I’ve been thinking about writing about cooking in this blog for a while. Not just to share what I’ve learned, because, well, I don’t have much to share, but to get other people’s ideas and suggestions. While I may cook better than the average American and may be able to impress my wife and friends, I’m not really such a good cook. I know how to follow recipes, and I’m starting to get some sense of what works and what does not, but I have a lot to learn, which is actually fascinating; there’s a whole world of flavors out there and exploring it is a very rewarding experience.
It took me a while to get used to cook in the US. Spanish cooking is not very sophisticated, but it’s based on seasonal dishes and the use of high quality ingredients available locally. Not the kind of thing you find in the US at your nearest supermarket.
This is all changing very quickly, but many of the traditions still remain. I for one grew up without paying to much attention to food. I just thought it was fuel for my body.

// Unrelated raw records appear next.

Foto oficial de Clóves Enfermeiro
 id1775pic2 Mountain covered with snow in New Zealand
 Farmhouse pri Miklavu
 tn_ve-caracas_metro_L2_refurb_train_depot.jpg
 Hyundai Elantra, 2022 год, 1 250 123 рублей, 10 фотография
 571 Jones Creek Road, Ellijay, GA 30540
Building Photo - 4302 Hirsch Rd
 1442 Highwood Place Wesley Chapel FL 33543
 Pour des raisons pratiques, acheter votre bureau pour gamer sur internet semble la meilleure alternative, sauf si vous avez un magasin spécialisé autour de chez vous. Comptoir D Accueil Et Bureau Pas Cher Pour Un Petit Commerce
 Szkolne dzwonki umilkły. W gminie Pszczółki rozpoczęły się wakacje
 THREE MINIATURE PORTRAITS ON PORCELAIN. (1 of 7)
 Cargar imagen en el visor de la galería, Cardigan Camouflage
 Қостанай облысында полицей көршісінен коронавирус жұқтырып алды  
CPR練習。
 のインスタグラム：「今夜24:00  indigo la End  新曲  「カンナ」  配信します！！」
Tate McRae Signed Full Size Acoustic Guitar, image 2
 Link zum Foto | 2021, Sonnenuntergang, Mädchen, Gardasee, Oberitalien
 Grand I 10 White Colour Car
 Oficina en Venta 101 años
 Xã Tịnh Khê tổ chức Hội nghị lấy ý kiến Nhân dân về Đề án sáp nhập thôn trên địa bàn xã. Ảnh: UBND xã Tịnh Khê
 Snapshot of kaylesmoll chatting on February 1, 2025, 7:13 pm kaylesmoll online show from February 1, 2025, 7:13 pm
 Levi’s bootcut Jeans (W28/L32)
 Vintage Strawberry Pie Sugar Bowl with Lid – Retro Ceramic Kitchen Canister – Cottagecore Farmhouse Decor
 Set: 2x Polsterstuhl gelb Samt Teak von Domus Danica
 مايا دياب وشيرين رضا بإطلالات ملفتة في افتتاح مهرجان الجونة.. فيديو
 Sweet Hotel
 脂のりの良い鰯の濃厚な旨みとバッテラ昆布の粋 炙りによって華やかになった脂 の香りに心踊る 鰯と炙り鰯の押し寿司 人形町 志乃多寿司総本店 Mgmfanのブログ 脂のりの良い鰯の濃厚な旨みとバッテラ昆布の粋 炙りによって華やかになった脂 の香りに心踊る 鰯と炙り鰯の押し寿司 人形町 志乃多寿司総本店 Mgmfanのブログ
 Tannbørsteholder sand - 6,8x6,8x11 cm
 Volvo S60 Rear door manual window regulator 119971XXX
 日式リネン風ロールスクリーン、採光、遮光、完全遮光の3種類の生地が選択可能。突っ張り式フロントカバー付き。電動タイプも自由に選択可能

It was only when I moved to the US that I started to appreciate what I used to have and now missed.
The Mediterranean diet is mostly composed of olive oil, bread, fresh fruits, fish and vegetables. However, I grew up in a family that runs a pork farm and a small meat production and distribution business. So, I had a larger share of meat than the average. Despite of that, meat was most often used as a condiment or in small dishes, except on special occasions.
[missing image - Iberian pigs in the Dehesa]
Our pork is unlike any other. Most of it is free-range and acorn-fed, which gives its meat a very distinct flavor. It is generally destined to the production of the finest quality deli meats: cured ham, loins, and sausages.
As far as I know it’s not possible to find anything like that in the US. Exports of Iberian ham are legal now, but the FDA requires installations to be periodically inspected and approved. Small farmers cannot really afford to comply with all the requirements of the FDA, so the only ham that you can usually find in the US is from larger and lower quality producers.
To add more insult to injury, the low quality ham that is available here is sold at outrageous prices, as if it were a high quality product! If you are not discouraged yet, you can find some of it at the Spanish Table
, or at online retailers such as La Tienda
I would not recommend any of those options. Instead, what I do is to bring some of our ham with us every time we travel to Spain. This is actually illegal, but is usually safe. However, once we tried to bring an entire leg and, much to our dismay, it was confiscated by the border officers. Since then, I only bring small quantities that are hardly noticeable on the scanner.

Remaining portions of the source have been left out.